##### Records supplied
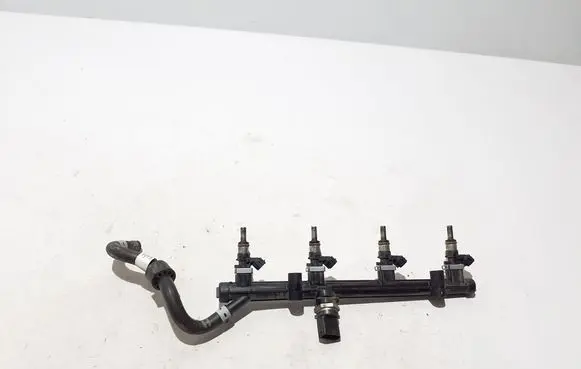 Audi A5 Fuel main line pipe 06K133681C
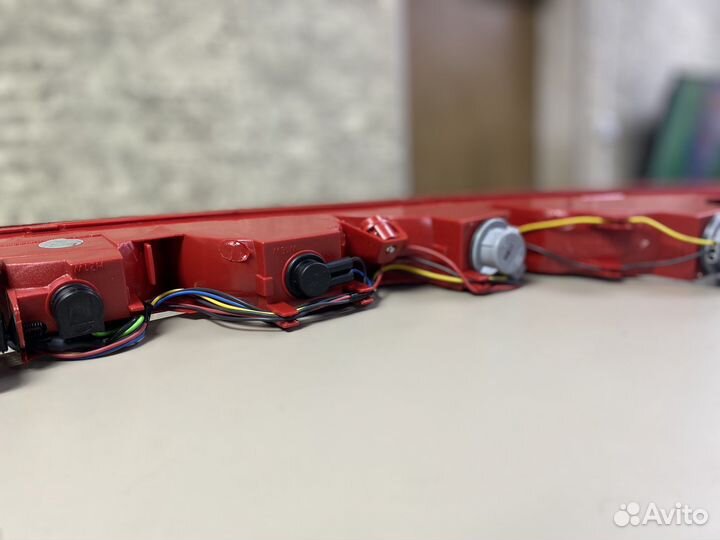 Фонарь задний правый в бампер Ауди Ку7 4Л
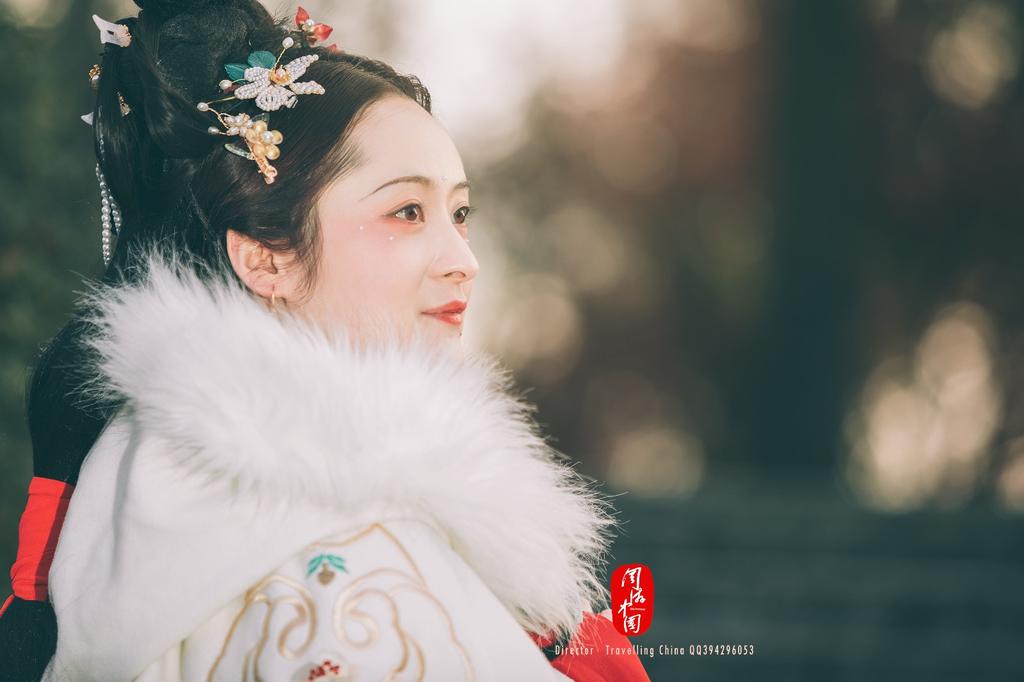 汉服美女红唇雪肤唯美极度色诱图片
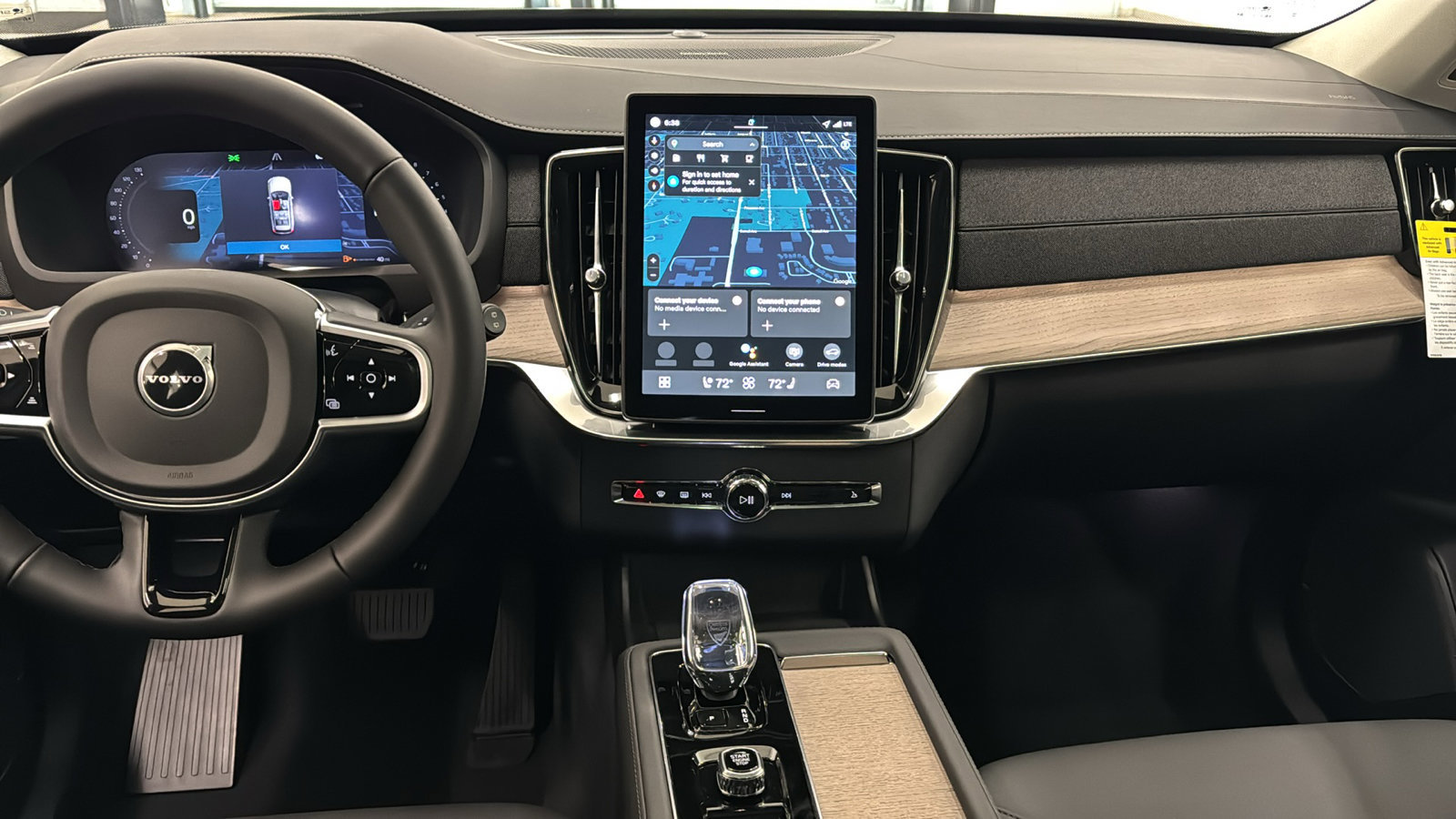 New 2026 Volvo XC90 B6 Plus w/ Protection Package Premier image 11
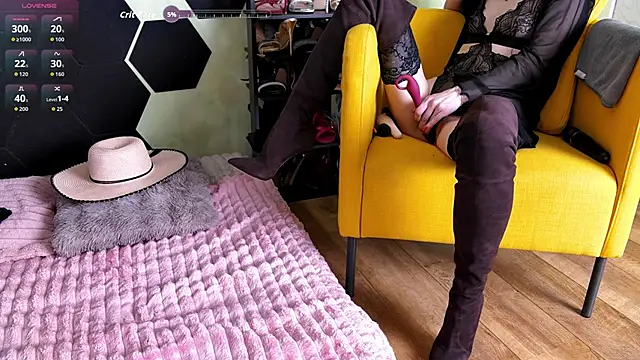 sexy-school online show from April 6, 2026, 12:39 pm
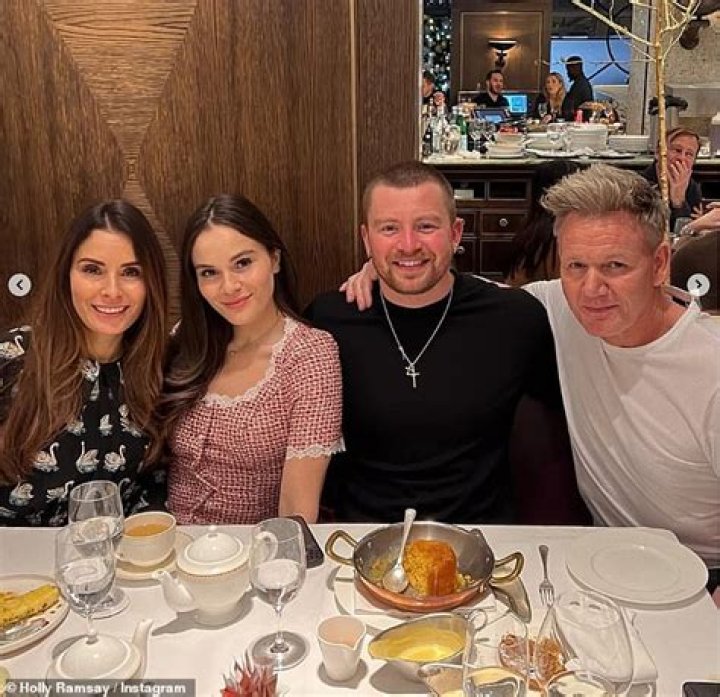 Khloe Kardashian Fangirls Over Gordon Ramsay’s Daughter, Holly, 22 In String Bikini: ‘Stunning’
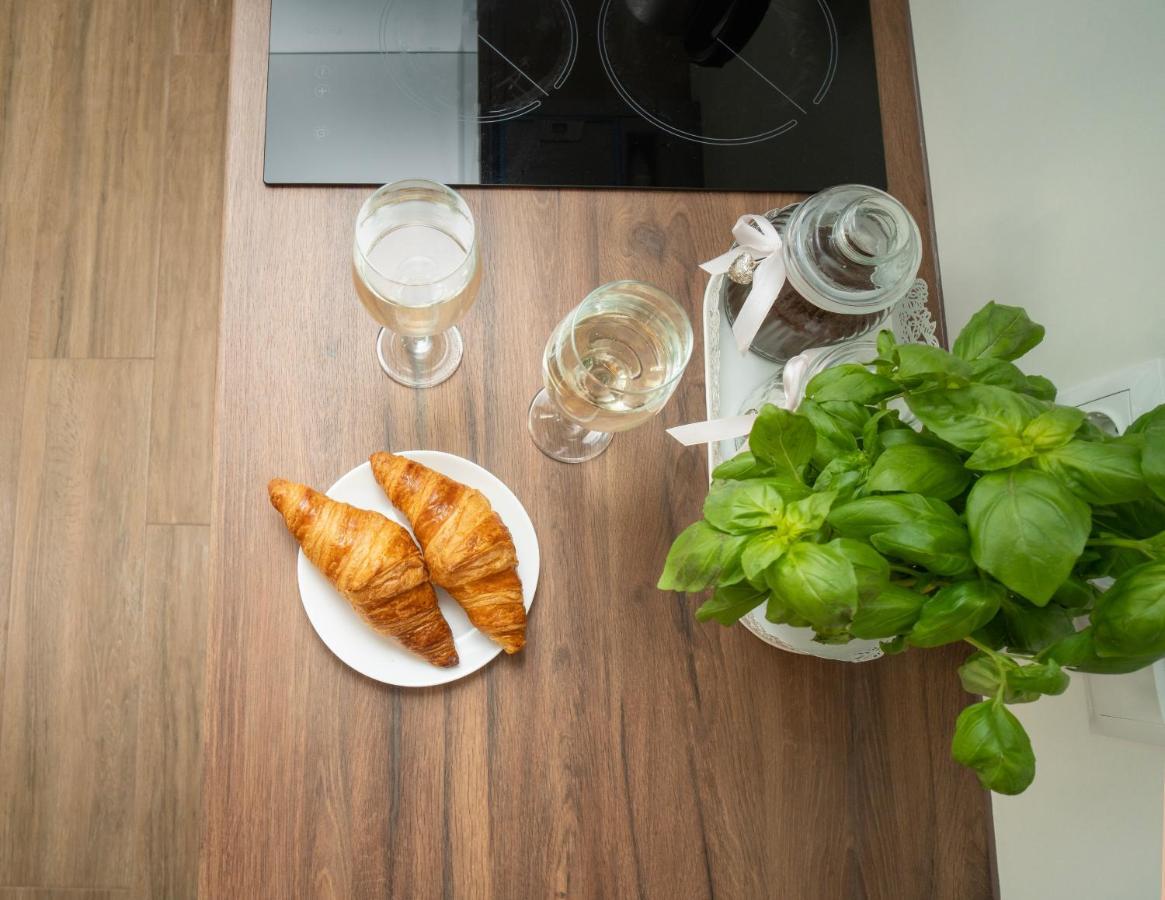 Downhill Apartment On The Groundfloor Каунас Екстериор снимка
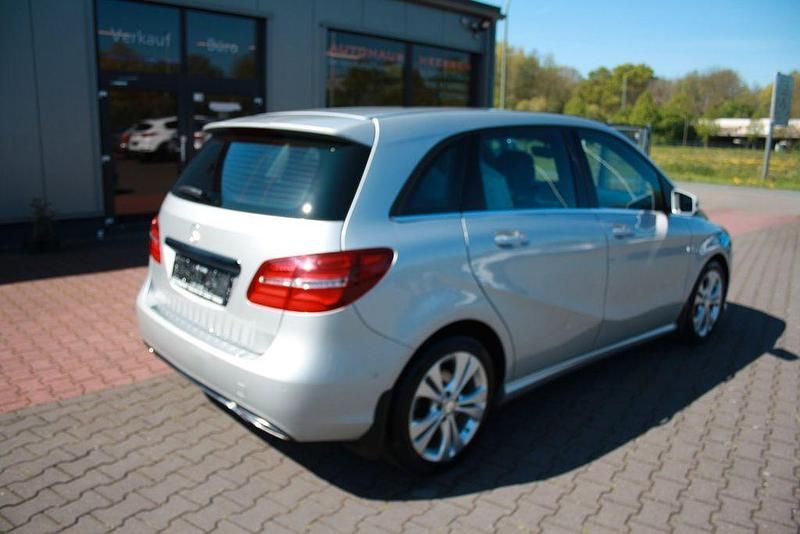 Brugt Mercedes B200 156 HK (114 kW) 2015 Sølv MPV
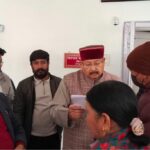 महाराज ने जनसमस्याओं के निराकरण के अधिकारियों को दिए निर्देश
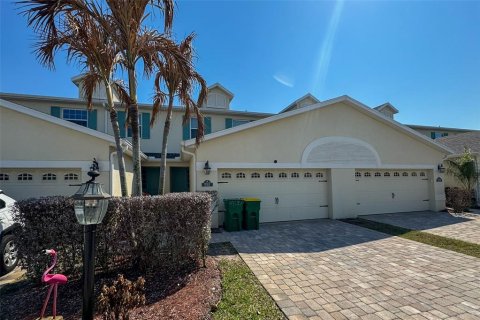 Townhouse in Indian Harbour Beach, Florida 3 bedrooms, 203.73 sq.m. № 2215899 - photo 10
##########
**Instructions for the task**
Exclude the pictures and repeat the entries word for word.

**Your response**
 Audi A5 Fuel main line pipe 06K133681C
 Фонарь задний правый в бампер Ауди Ку7 4Л
 汉服美女红唇雪肤唯美极度色诱图片
 New 2026 Volvo XC90 B6 Plus w/ Protection Package Premier image 11
 sexy-school online show from April 6, 2026, 12:39 pm
 Khloe Kardashian Fangirls Over Gordon Ramsay’s Daughter, Holly, 22 In String Bikini: ‘Stunning’
 Downhill Apartment On The Groundfloor Каунас Екстериор снимка
 Brugt Mercedes B200 156 HK (114 kW) 2015 Sølv MPV
 महाराज ने जनसमस्याओं के निराकरण के अधिकारियों को दिए निर्देश
 Townhouse in Indian Harbour Beach, Florida 3 bedrooms, 203.73 sq.m. № 2215899 - photo 10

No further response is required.